CoMMember1363116457773 CoMMember1363116457773 6 years
I have a comment for Nichole. I am extremely sorry no one had helped you. That is very sad to hear. However, I am a public school teacher that works with kids with ADHD,speech, emotional needs and Aspergers. I do care. I work very hard in helping these kids and meeting their needs, I utilize the opportunity to get furthur training and specialists that has educated me on working with these type of kids and their families. So, I wanted to let you know Public Schools do care, and I personally think we do no need to start over. I am sorry that you had a bad experience.
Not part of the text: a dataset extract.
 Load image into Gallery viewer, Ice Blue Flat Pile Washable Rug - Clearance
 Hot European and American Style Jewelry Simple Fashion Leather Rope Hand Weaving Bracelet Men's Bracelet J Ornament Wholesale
RachaelIngram RachaelIngram 6 years
I beleive the education department needs to support teachers who have students with special needs such as adhd ect. My son was discriminated because he has adhd , he wanted to be taught how to play the bass guitar, i said this is wrong and the minute i said this is discrimination, the teacher gave daniel a chance to be treated like the rest of the class. I beleive as parents we need to raise our voice and stand up for discrimination.
vvNiki vvNiki 6 years
You cannot educate people who don't want to understand. I have a learning disability that NO one helped me with during any of my school years, at any given time. Public schools don't care. That's why we need to scrap them and start over. Whole system is garbage.